10. By reason of the authorities already cited there is no merit in the complaint now made before us. This ground of appeal also fails.
11. In the course of his argument, learned counsel for the appellants said that there was no consideration for the agreement in question because the RM10,000.00 earnest money had never been received by the appellants. With respect we cannot agree. The consideration in the present case is encompassed in the reciprocal promises exchanged by the parties and evidenced by the written agreement made in November 1976. Neither can we agree with learned counsels submission that it was wrong for the respondents to go on the subject land and cultivate it. In our judgment, the acts of entry into possession by the respondents constitute acts of part performance of the respondents. In this context we would refer to the judgment of the Federal Court in Lin Nyut Chan v Wong Sz Tsin [1964] MLJ 200. It is also pertinent to bear in mind that having entered into a specifically enforceable contract, the respondents are to be treated as beneficiaries under a constructive trust of which the second appellant and her co-administrator are trustees. If authority is necessary to support this proposition it is to be found in the judgment of Jessel M.R. in Lysaght v Edwards 2 Ch. D. 499. This is what the learned Master of Rolls said in that case:
"It appears to me that the effect of a contract for sale has been settled for more than two centuries; certainly it was completely settled before the time of Lord Hardwicke, who speaks of the settled doctrine of the court as to it. What is that doctrine? It is that the moment you have a valid contract for sale the vendor becomes in equity a trustee for the purchaser of the estate sold, and the beneficial ownership passes to the purchaser, the vendor having a right to the purchase-money, a charge or lien on the estate for the security of that purchase-money, and a right to retain possession of the estate until the purchase-money is paid, in the absence of express contract as to the time of delivering possession. In other words, the position of the vendor is something between what has been called a naked or bare trustee, or a mere trustee (that is, a person without beneficial interest), and a mortgagee who is not, in equity (any more than a vendor), the owner of the estate, but is, in certain events, entitled to what the unpaid vendor is, viz., possession of the estate and a charge upon the estate for his purchase-money . Now, what is the meaning of the term valid contract? Valid contract means in every case a contract sufficient in form and in substance, so that there is no ground whatever for setting it aside as between the vendor and purchaser a contract binding on both parties."

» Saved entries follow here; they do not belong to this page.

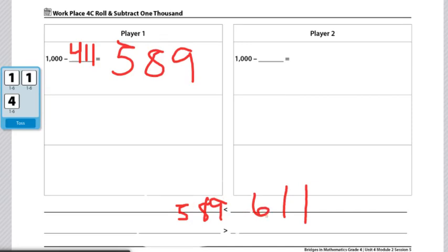These are the end of the directions for workplace 4C roll and subtract 1,000. If you're looking for different variations to play this game, you might have players try playing roll and subtract 250 rather than 1,000 and just rolling two dice. The dice they use will either be numbered one through six or four through nine each, just having one of each of those die.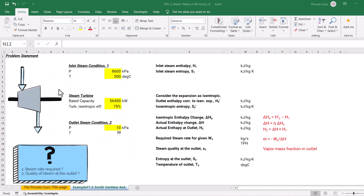Now let's solve an example from the book by Smith and Van Ness. I'll show you how we can use the steam table functions from the add-in we just installed. In this particular problem, we have a steam turbine. The steam turbine's rated capacity is around 56,400 kilowatts and its isentropic efficiency is 75%. The superheated steam used in this example is at a pressure of 8,600 kilopascal — 86 bars — and a temperature of 500 degrees centigrade. The outlet condition is given in terms of pressure; temperature is not given to us.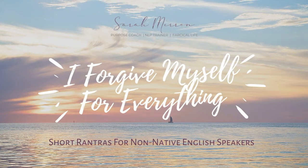Hi everyone, this is Sarah and this is your 5-minute rantra for I forgive myself for everything.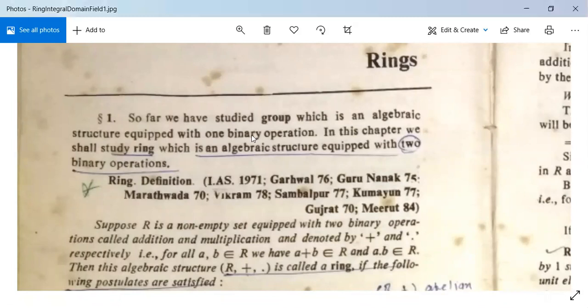Now we come to the topic of rings. So far we have studied groups. A group is an algebraic structure with one binary operation. But a ring is also an algebraic structure, but it is equipped with two binary operations.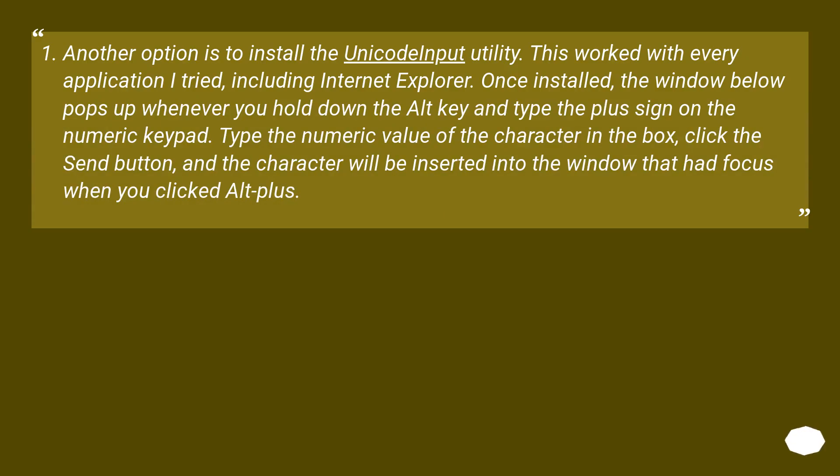Another option is to install the UnicodeInput utility. This worked with every application I tried, including Internet Explorer. Once installed, the window below pops up whenever you hold down the ALT key and type the plus sign on the numeric keypad.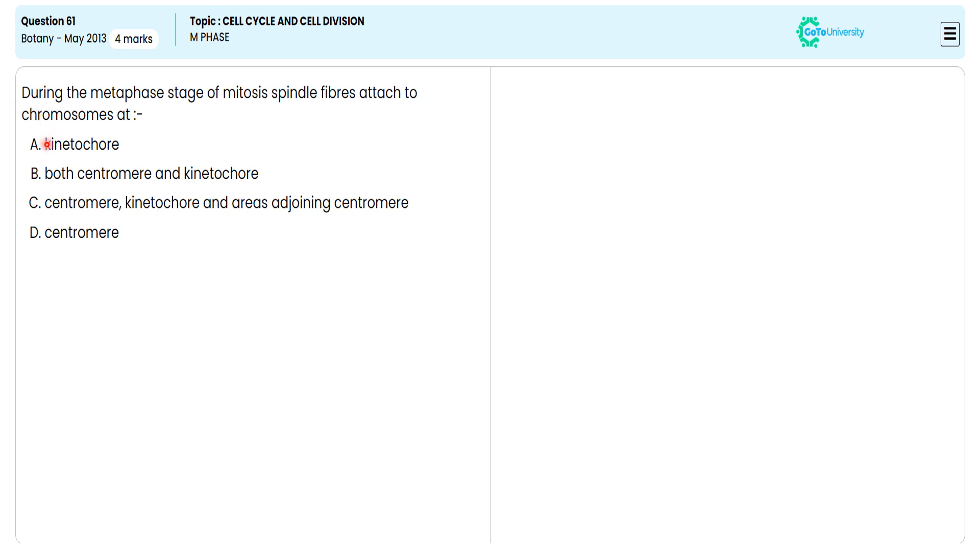In this multiple choice question, they are directing us to choose the correct option for the structure which is attached to the chromosome during the metaphase of the mitosis process.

12. For the reasons already given, we are satisfied that no appealable error on the part of the learned judge has been demonstrated. The appeal is accordingly dismissed. The appellants will pay costs of the appeal to the respondents. All orders made by the learned judge of the High Court are hereby affirmed.
Delivered in Open Court at the conclusion of the arguments on June 27, 2005.
Counsel for the appellants: Chan Sing Khuen
Solicitors for the appellants: Messrs. Vincent Hooi & Chan
Counsel for the respondents: P. Gananathan (Olivia Loh with him)
Solicitors for the respondents: Messrs. Bodipalar Ponnudurai Nathan
Approved by Tengku Baharudin Shah bin Tengku Mahmud and Zulkefli bin Ahmad Makinudin, J.J.C.A. and verified with Gopal Sri Ram, J.C.A. and certified by me to be correct.